Reviews and news items additionally note the following information: this was Jean Howard's first film; the song "Everything I Have Is Yours," which became one of the most popular songs of the year, was a "big hit" in the East even before the film was completed; and writer humorist Robert Benchley returned to his position as the drama critic for The New Yorker after completing his role in the picture. This was Benchley's first feature for M-G-M. He made several features for the studio during the 1930s and 1940s and also wrote and starred in a number of humourous short films. Dancing Lady marked the motion picture debut of Broadway star Fred Astaire. It was also his last M-G-M film until The Broadway Melody of 1940. According to contemporary news items, as well as memos and letters written by David O. Selznick that have been reproduced in a modern source, Selznick had convinced his former, RKO to sign Astaire to a contract, but that studio was uncertain how best to feature the dancer.
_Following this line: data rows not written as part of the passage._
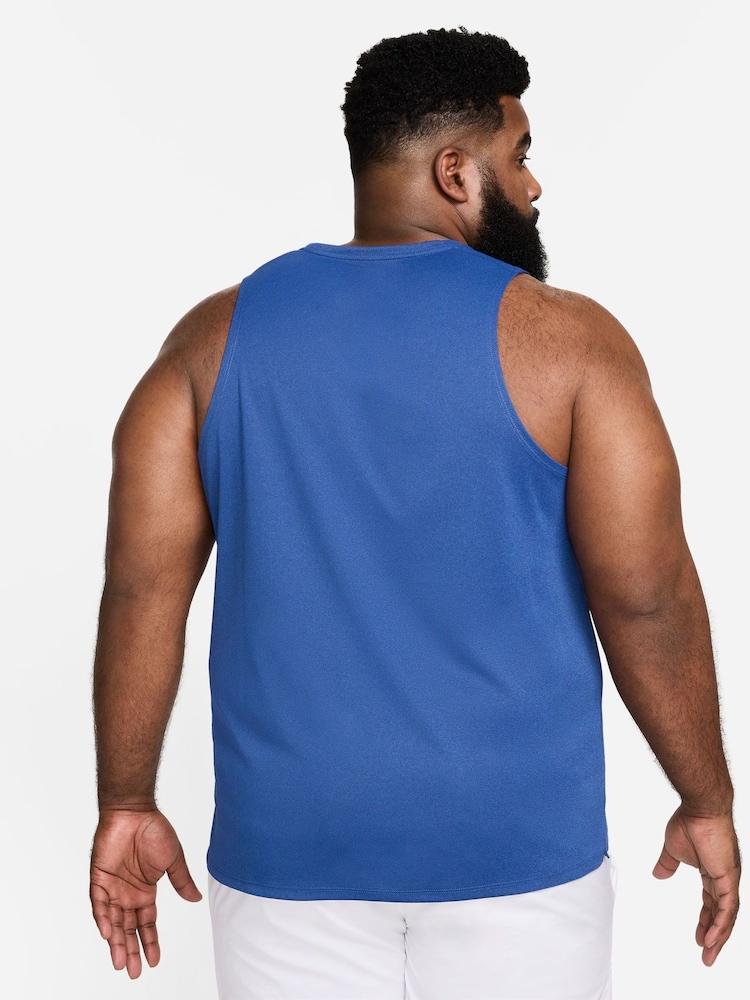 Nike Dark Blue Dri-FIT Miler Running Vest Top - Image 2 of 6
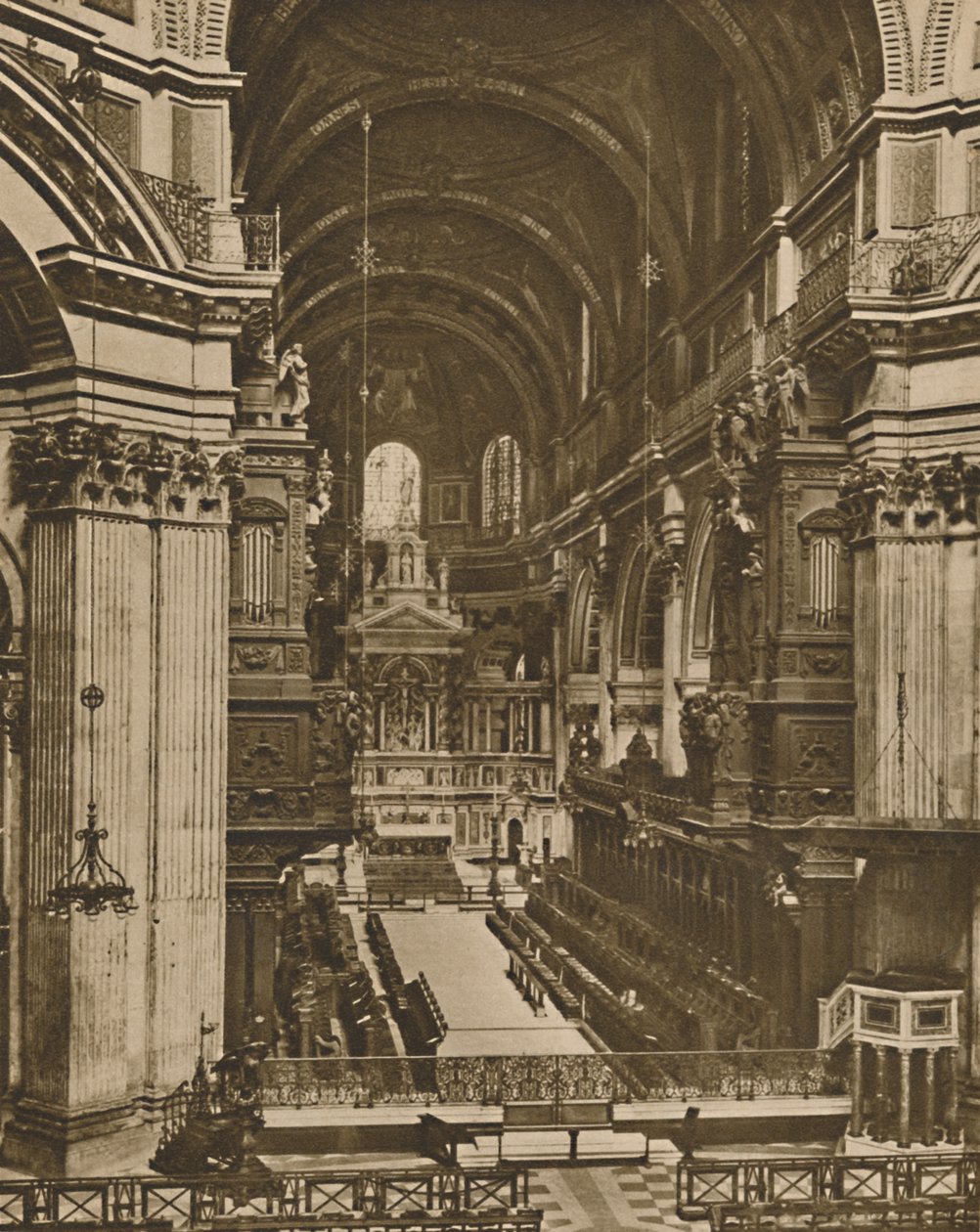 Haut autel de Saint-Paul vu à travers la longue perspective du chœur, vers 1935 - Unbekannt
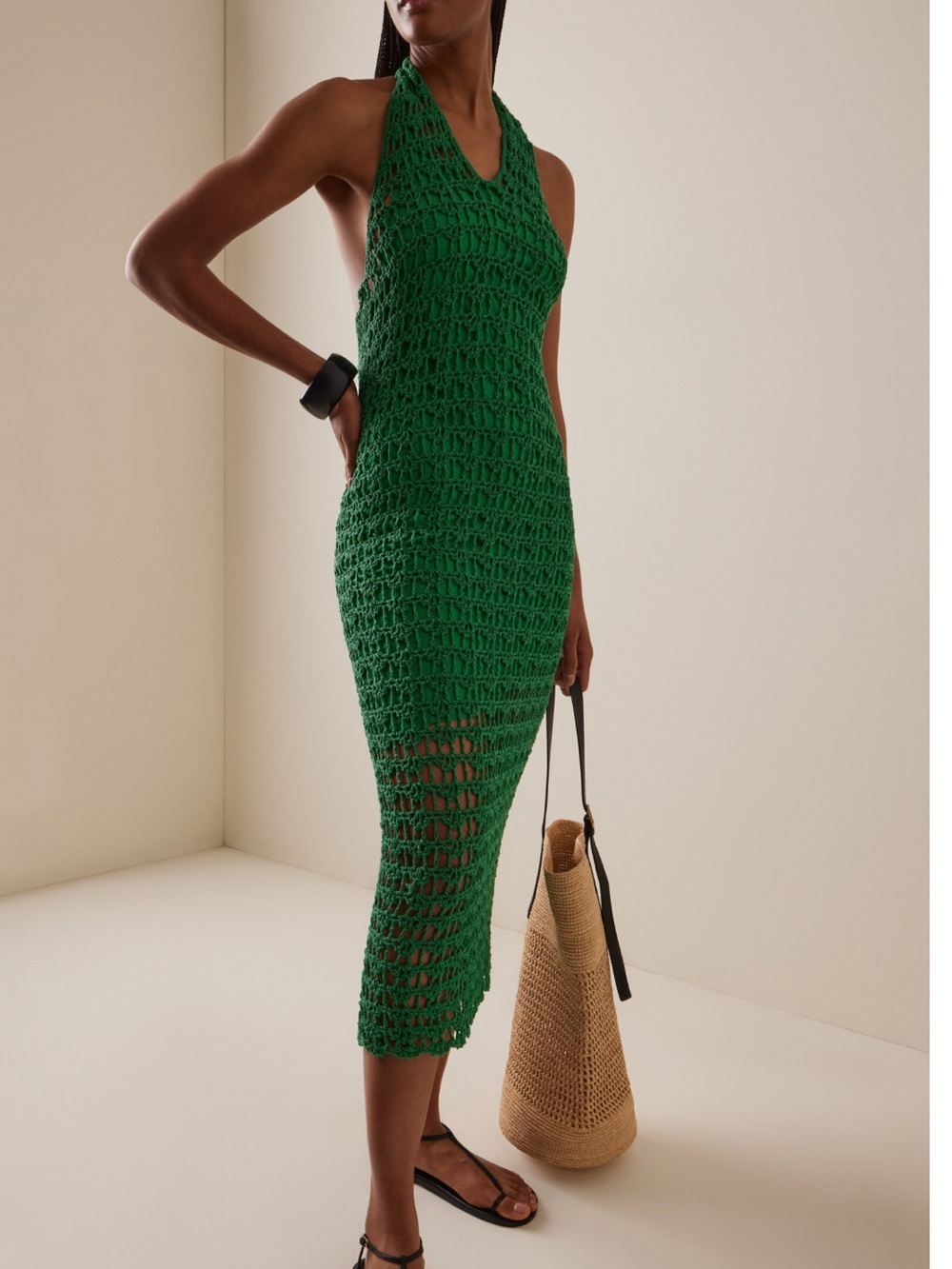 All That Remains Green Donna Cotton Crochet Dress Size 10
Selznick moved to M-G-M in early 1933 to take over many of production chief Irving Thalberg's duties while Thalberg was recuperating from a serious heart attack. When Dancing Lady was being cast, it was Selznick who decided to borrow Astaire from RKO for the picture. Selznick memos, as well as biographical sources on Crawford note that this became one of the most popular pictures of her career and revived her waning popularity with audiences after the box office failures of Rain and Today We Live (see below). Several modern sources have additionally called the picture "the yardstick" against which all other Crawford pictures were measured by M-G-M.
Released in United States 1933
Released in USA on laserdisc September 1991.